Une vision des choses qui fait évidemment écho à la situation politique en France. Elle reconnaît ne pas suivre de près la situation politique tout en se disant surprise : « Ça me paraît bizarre, toutes ces idées sur les étrangers, qu’autant de Français pensent ça, alors que depuis que je suis ici, je ressens une ouverture, un accueil, je n’ai pas du tout l’impression d’être rejetée. » Oleksandra ne comprend pas, surtout parce qu’elle a ressenti cet attachement inexplicable et soudain à son pays d’accueil. « Je suis rentrée en Bulgarie pour revoir mes parents une fois, et au bout de trois jours la France me manquait déjà. »

« J’ai toujours peur qu’on me juge »

La décision d’être un jour naturalisée, Lai Yan Ho l’a déjà mûrement réfléchie. Cette Hong-Kongaise de 40 ans, qui reçoit dans la moiteur de son petit studio de Lingolsheim où elle vit avec son mari Kevin, prévoit de déposer sa demande d’ici un an :

« Je suis venue une première fois en France en 2017. Je suis repartie car je ne trouvais pas de travail et je suis de retour depuis 2020. Je crois que ça montre que je suis vraiment décidée à faire ma vie ici, non ? Le seul problème, c’est que malgré mes efforts, je n’ai toujours pas trouvé de travail stable.”

Elle le dit avec le sourire, avec un souci constant de ne pas susciter de pitié chez son interlocuteur. D’autres vivent des choses bien pires, alors elle n’irait pas se plaindre. Lai Yan Ho avait un travail de réceptionniste dans un hôtel mais « j’ai été agressée sexuellement par un client, et j’ai trouvé que le patron ne m’avait pas écoutée quand je m’en suis plainte ». Alors elle est partie et cherche du travail depuis.

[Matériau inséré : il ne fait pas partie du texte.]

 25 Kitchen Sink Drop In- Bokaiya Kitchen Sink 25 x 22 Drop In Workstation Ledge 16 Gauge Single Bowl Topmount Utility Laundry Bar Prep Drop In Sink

Le problème, selon Lai Yan Ho, c’est sa maîtrise du français qu’elle juge encore « trop hésitant » :

« J’ai toujours peur qu’on me juge alors je ne parle pas beaucoup. Je ne réseaute pas comme il le faudrait… Je ne suis pas douée pour ça. »

« J’ai fait une croix sur ma vie à Hong Kong »

La native d’Hong-Kong était une vidéaste confirmée au moment où elle rencontre Kevin, ce Français “back-packer” pour qui elle a immédiatement un coup de cœur. Kevin s’essaiera à l’immigration en s’installant à Hong-Kong mais le couple opte finalement pour la France. « Lui ne pouvait pas supporter tout le stress de la ville, et moi, disons que ça ne se passait très bien non plus. Alors on a décidé de tenter notre chance chez lui.”

Pour Lai Yan Ho, il y a une méprise dans le débat public sur la place de l’immigration :

« Les gens confondent peut-être les immigrés avec les expatriés, qui s’installent quelque part en sachant que si ça se passe mal, ils peuvent rentrer, ou qui rentrent chez eux tous les six mois. Mais moi, j’ai fait une croix sur ma vie à Hong Kong et si je devais quitter la France je ne saurais pas où aller. Quand on est immigrée, c’est qu’on s’est décidé à reconstruire sa vie dans un endroit, donc à y travailler, à y fonder une famille.”

Lai Yan Ho : « J’ai fait une croix sur ma vie à Hong Kong et si je devais quitter la France je ne saurais pas où aller. »Photo : Guillaume Poisson

Elle se souvient de tous ces immigrés rencontrés en cours de français depuis 2020 qui, comme elle, s’investissaient cinq jours par semaine pour essayer de progresser :

« Il y avait des mères célibataires qui élevaient seules leurs enfants mais qui venaient quand même. D’autres qui travaillaient toute la journée. Je vous le dis, je le dis à tous ceux qui croient que les immigrés sont un fardeau : c’est faux, si on est arrivés là, c’est qu’on veut s’en sortir, construire, s’intégrer. »

Au-delà du choix

Le désir de Lai Yan Ho de s’installer en France a depuis longtemps dépassé le stade du rêve ou de l’idéal. Il s’est heurté à la réalité. Il s’est abîmé. Il a disparu un temps puis est revenu avec encore plus de force. Kevin, présent tout au long de l’interview à son bureau mais concentré dans son travail, casque sur les oreilles, a bien compris que ce n’était plus une question de choix, pour son épouse :

« Mon mari est tombé gravement malade, et quand il a eu peur de mourir, un jour, il s’est retourné vers moi et m’a dit que je devais vite entamer les démarches pour être naturalisée, parce que sans lui, je ne pourrais probablement pas rester. »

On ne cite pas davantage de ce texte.